Il proclame l’Évangile de Dieu.
15 Il dit:
Le temps est accompli! Le Règne de Dieu est proche.
Convertissez-vous et ayez foi dans le message du bonheur.
—
Le commentaire du pain sur la table,
par Georges Convert.
Nous voici au seuil du Carême.
Les semaines qui nous mènent à Pâques nous font revivre le mystère de la mort de Jésus.
Une mort qui ne mène pas au néant mais au contraire vers la vie d’éternité.
Une mort qui est modèle de la nôtre.
Une démarche que Jésus peut vivre avec nous si nous l’accueillons comme notre guide.
La place de ce texte dans le récit de Marc
Ces quelques versets du récit d’aujourd’hui sont très riches.
Aussitôt après le baptême de Jésus,
ils viennent décrire -comme en résumé- ce que sera sa mission:
lutte contre les forces du mal et proclamation de la proximité du règne de Dieu.
Dès les versets suivants, Jésus appellera des disciples
qui seront ses compagnons de mission et les continuateurs de son action.
L’Esprit pousse Jésus au désert.
Que représente le désert?

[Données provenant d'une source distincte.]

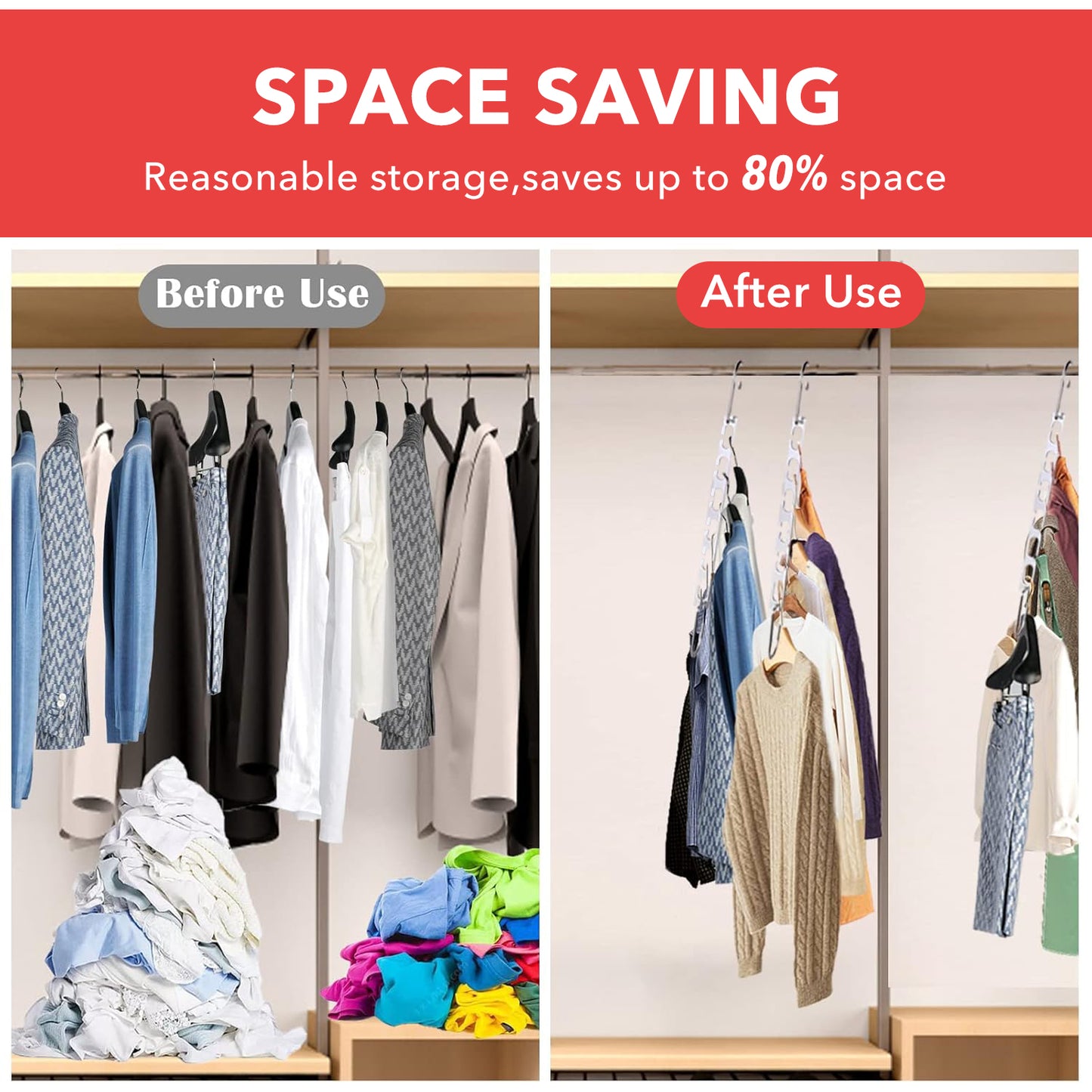 Behome Space Saving Hangers, 12 Packs Sturdy Metal Hangers Wardrobe Organizer, Magic Home Organization College Dorm Room Essentials for Girls Guys, Silver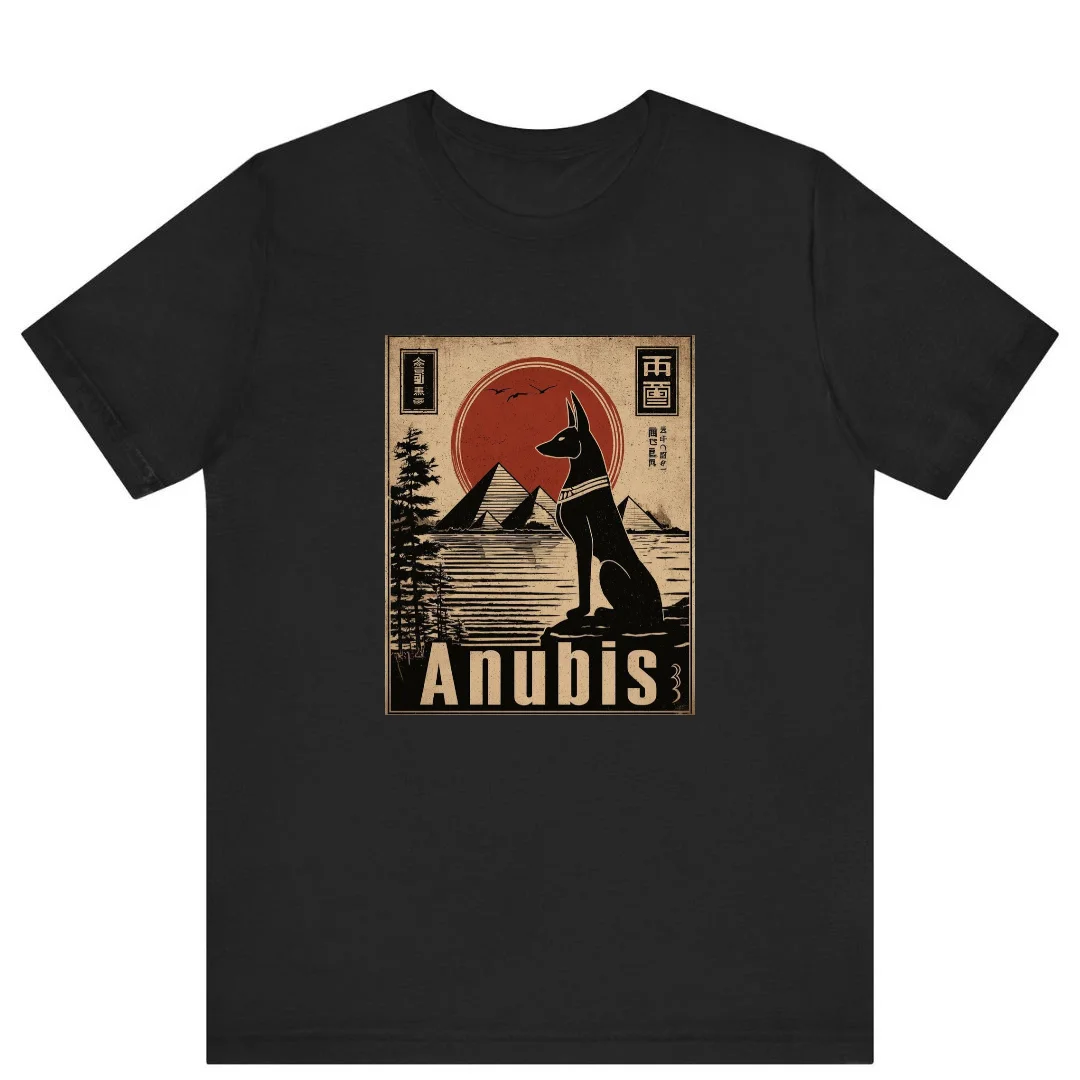 تيشيرت أسود — Half Sleeves Printed Anubis
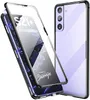 Magnetische Adsorptie Metalen Frame Case Front en Aug Tempered Glass Full Screen Coverage voor Samsung Galaxy A12 A32 A52 A72 S20 FE A30S A50S A50 A70 50PCS / lot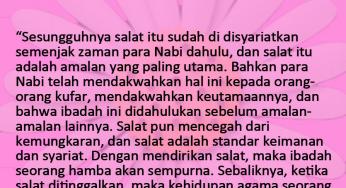 SESUNGGUHNYA SALAT ADALAH IBADAH SELURUH NABI DAN RASUL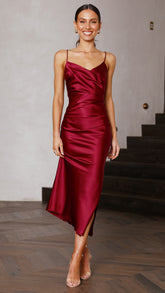 Monte Midi Dress - Wine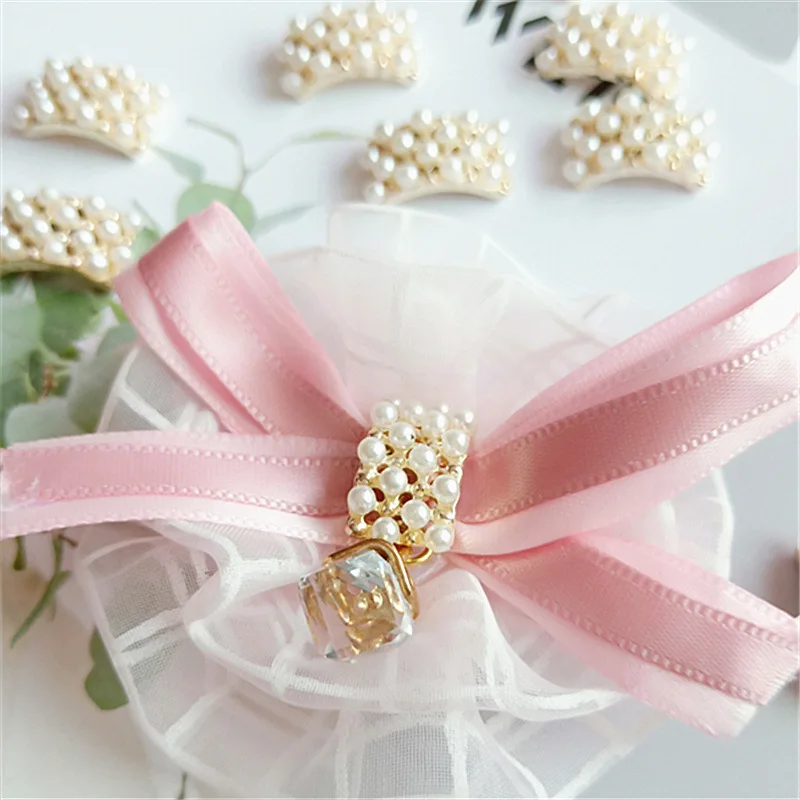 10 pcs/lot 18mm*9mm Little Arch Rhinestone Rabbit Buttons for Craft Wedding Invitation Card DIY Girl Hair Bowknot Metal Buttons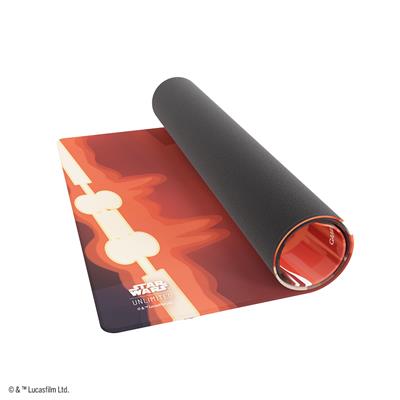 Gamegenic Playmat featuring a vibrant design inspired by Qui-Gon Jinn from Star Wars Unlimited, rolled partially.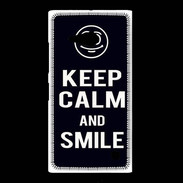 Coque Nokia Lumia 735 Keep Calm Smile Noir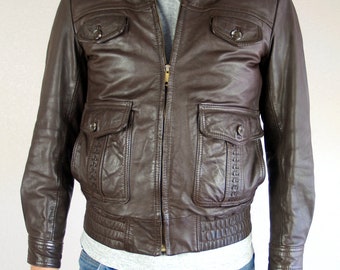 Items similar to Vintage 70s Caramel Brown LEATHER ROCKER Jacket XS S ...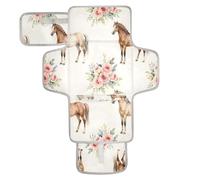 xigua Watercolor Horses and Flowers Portable Diaper Changing Pad, Waterproof Baby Changing Mat with Storage Pocket & Built-in Pillow, Foldable Travel Pad, Newborn Gift Set for Boy Girl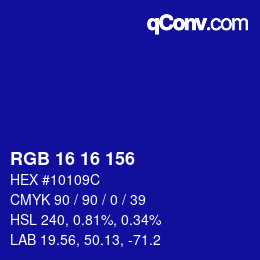 Color code: RGB 16 16 156 | qconv.com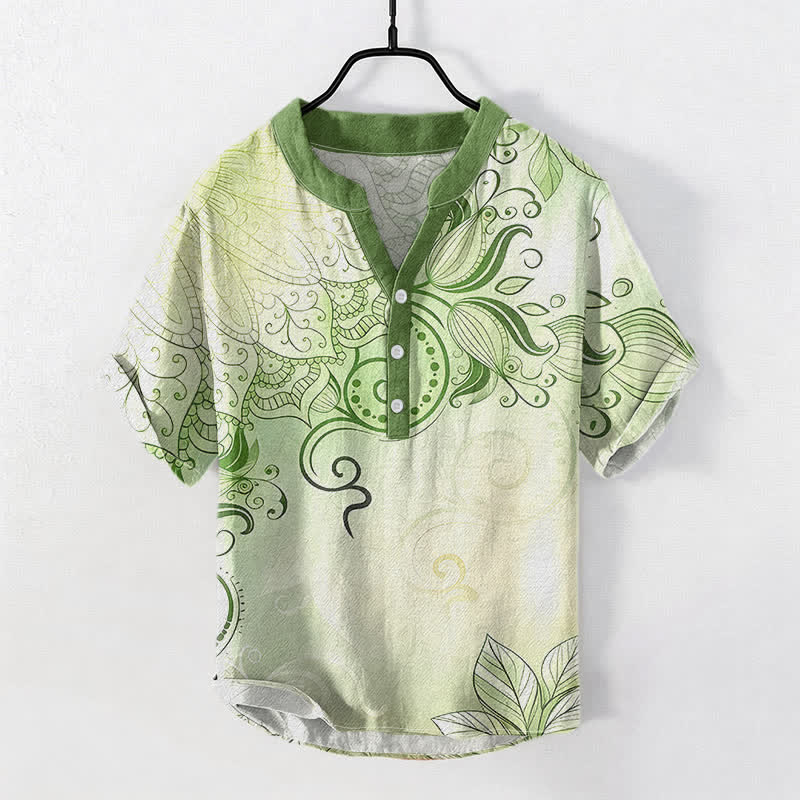 Buddha Stones Cotton Mandala Floral Emblem Men's Short Sleeve Half Button Shirt - YellowGreen - US/UK/AU50，EU60 (5XL) - image 3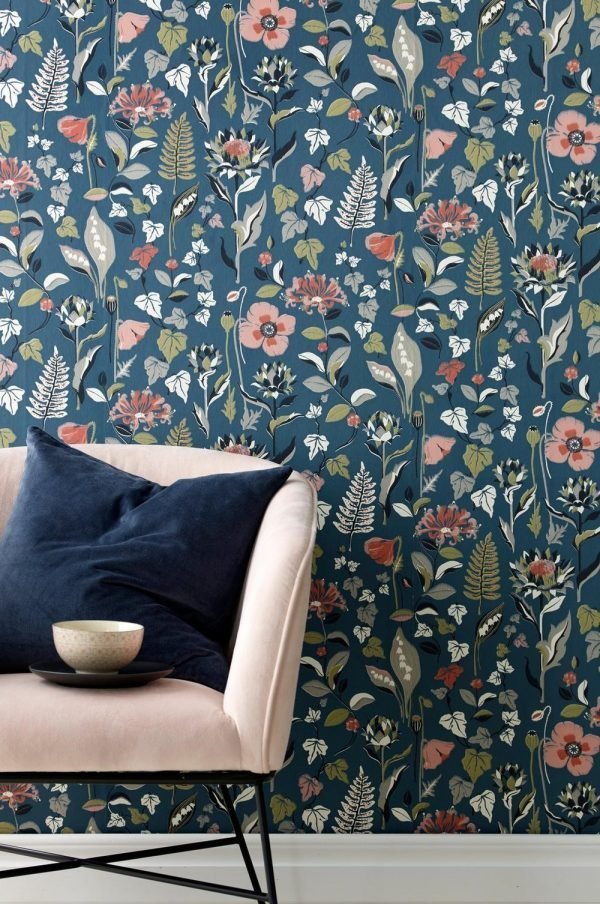 Wallpaper By Ellos Svea Tapetti Sininen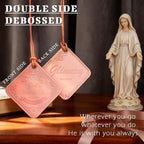 Leather Rearview Mirror Accessories Bible Verse She will not Fall Religious Gifts for Women New Car Smell Leather Car Air Freshener Hanging Bag Charms for Handbags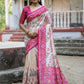 Vishnu Weaves Women's Rani Soft Tussar Silk Small Zari Woven Border Saree with Blouse - Swadesiicart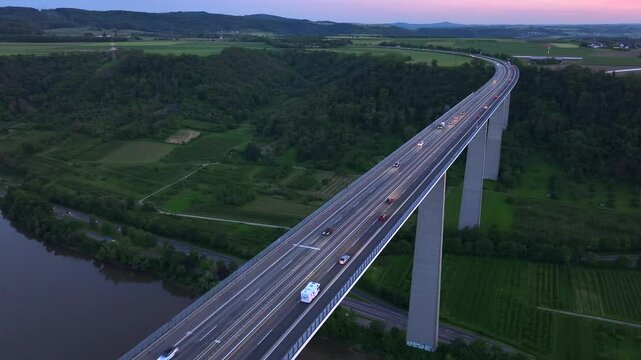 Moselle Valley Bridge, Aerial View. Autobahn Highway A61, Moseltal bridge near Koblenz in Rhineland-Palatinate, Germany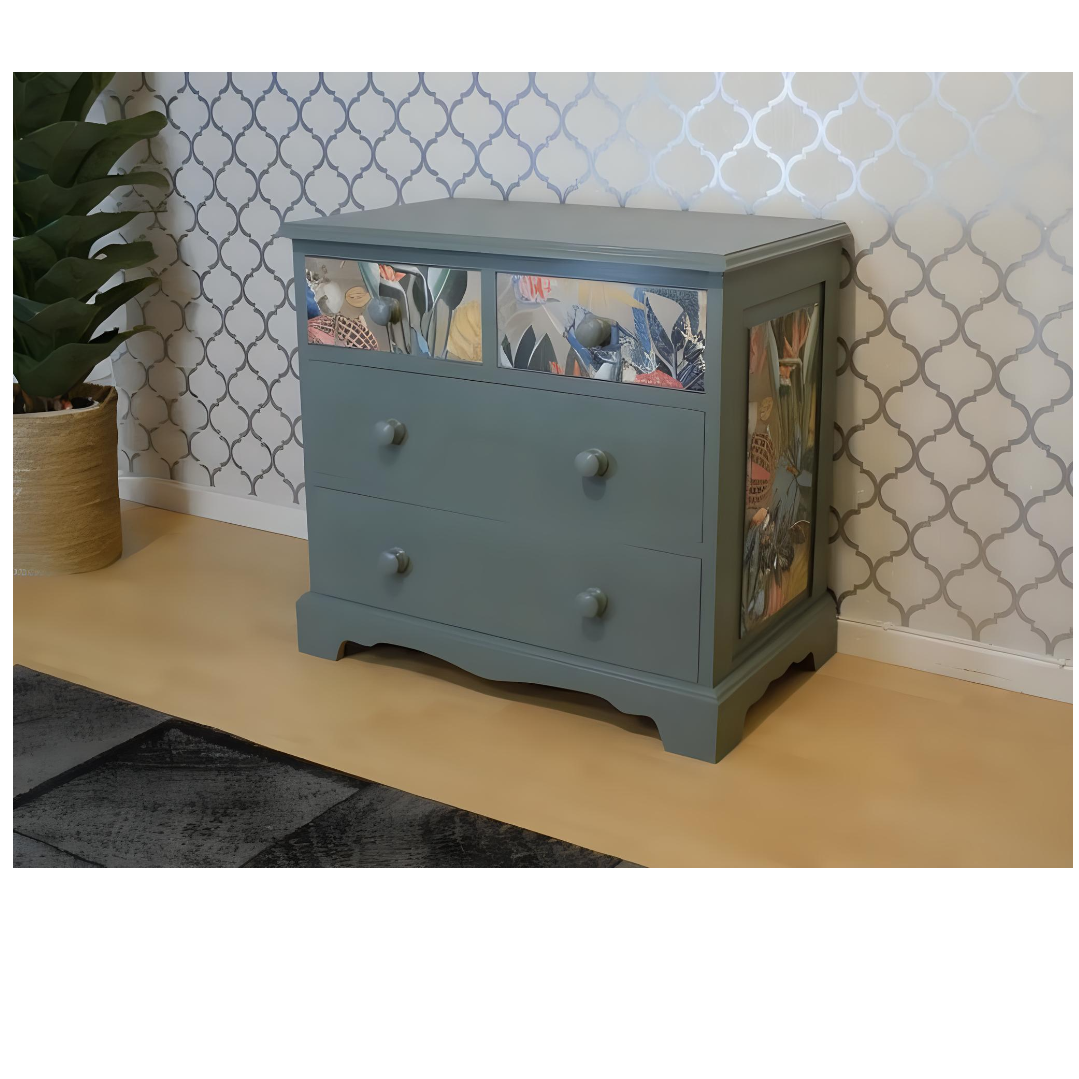 Pine Dresser in Serenity green with wonderland print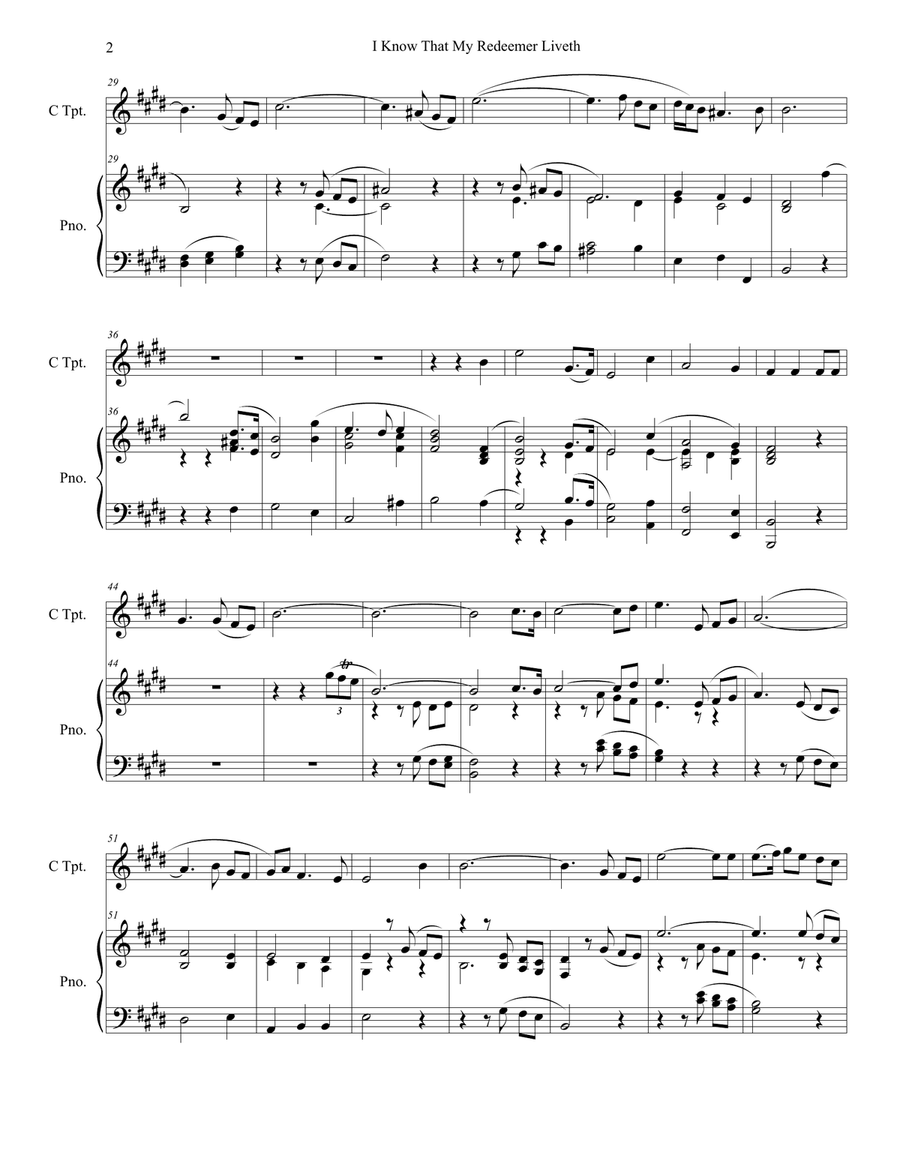 I Know That My Redeemer Liveth (C-Trumpet solo and Piano) Trumpet Solo scores gallery preview page 2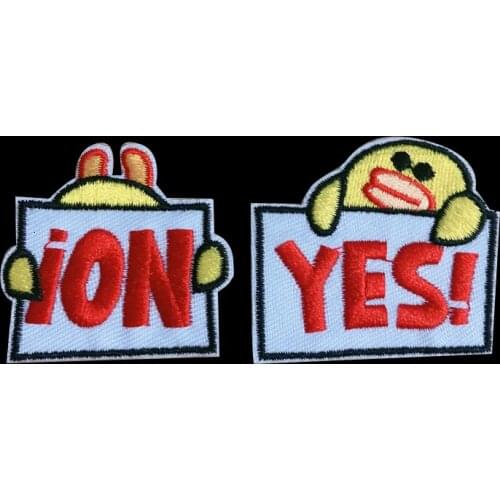 Cartoon Embroidered Letter Duck Appliqued Iron on Animal Patches Kids Clothes Fabric Stickers Sewing Crafts Garment Accessory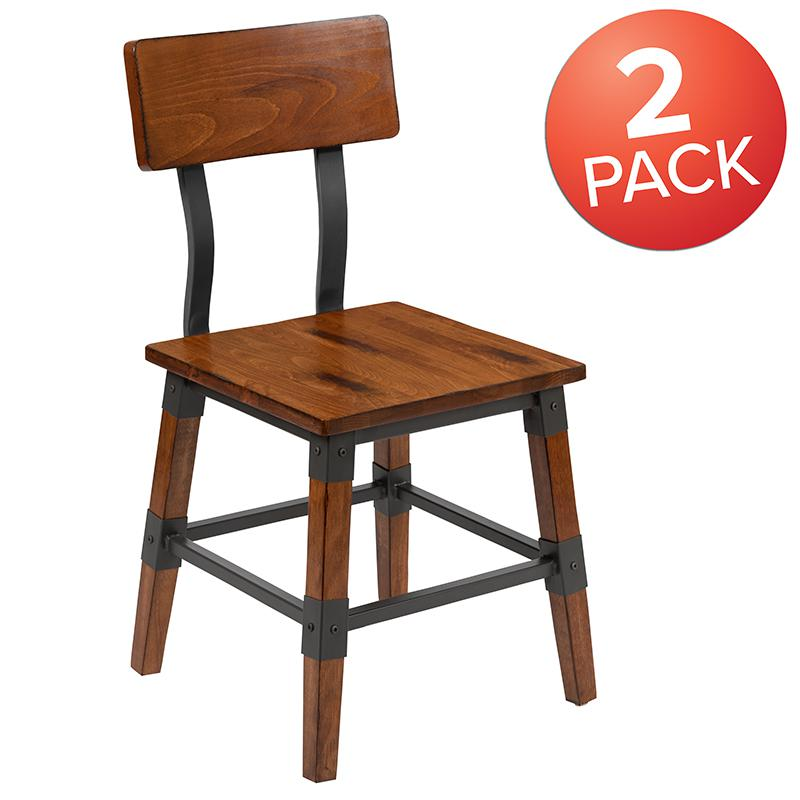 Two rustic antique walnut industrial wood dining chairs with metal frames, showcasing a vintage-inspired design.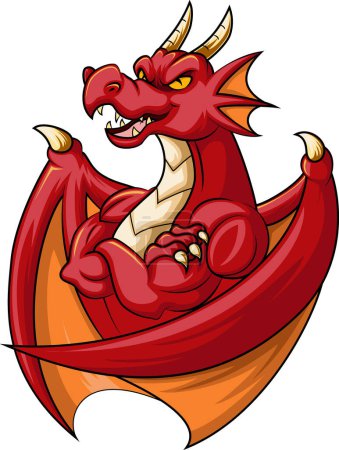 Téléchargez les illustrations : Vector Illustration of Angry red dragon mascot character - en licence libre de droit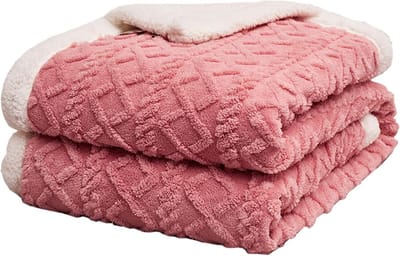 Extra Zachte Sherpa Plaid / Fleece Deken Roze 150x200 cm - Heerlijk Warm Bank & Beddengoed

Nous pouvons emprunter au livre d’Osée
ce que pouvait signifier le séjour au désert pour les contemporains de Jésus.
C’est pourquoi je vais la séduire, je la conduirai au désert et je parlerai à son coeur.
Là, elle répondra comme aux jours de sa jeunesse, au jour où elle montait du pays d’Égypte.
Il adviendra en ce jour-là -parole du Seigneur- que tu m’appelleras « Mon mari »,
et tu ne m’appelleras plus « Mon Baal. »
J’écarterai de sa bouche les noms des Baals, et
ils ne seront plus mentionnés par leur nom.
Je conclurai pour eux une alliance, en ce jour-là,
avec les bêtes des champs, avec les oiseaux du ciel et les reptiles du sol;
l’arc, l’épée, la guerre, je les briserai et les bannirai du pays,
et eux, je les ferai reposer en sécurité (Os 2,16-20).
Ces 40 jours au désert de Jésus nous renvoient aux 40 années
où les tribus juives deviennent le peuple de Dieu.
Les Égyptiens retenaient en esclavage des tribus juives
qui étaient venues s’installer en Égypte du temps de Joseph,
alors qu’elles fuyaient une famine qui sévissait en Palestine.
Sous la conduite de Moïse, nles tribus seront unifiées par leur alliance avec Dieu.
Ces tribus deviendront un peuple
qui aura vocation d’être -dans le monde- le prototype du règne de Dieu.
Mais la traversée du désert est longue… et ce temps devient une épreuve:
faim et soif, insécurité à cause des attaques des peuplades hostiles.
«Si le Seigneur est notre Dieu, se disent les fils d’Israël,
demandons-lui de nous épargner ces épreuves: Qu’Il montre son amour pour nous!»
Relisons l’épisode de Massa et Mériba que les Hébreux ont vécu dans le désert:
Toute la communauté des fils d’Israël campa à Refidîm
mais il n’y avait pas d’eau à boire.
Le peuple querella Moïse: «Donne-nous de l’eau à boire», dirent-ils.
Moïse leur dit: «Pourquoi me querellez-vous?
Pourquoi mettez-vous le Seigneur à l’épreuve?»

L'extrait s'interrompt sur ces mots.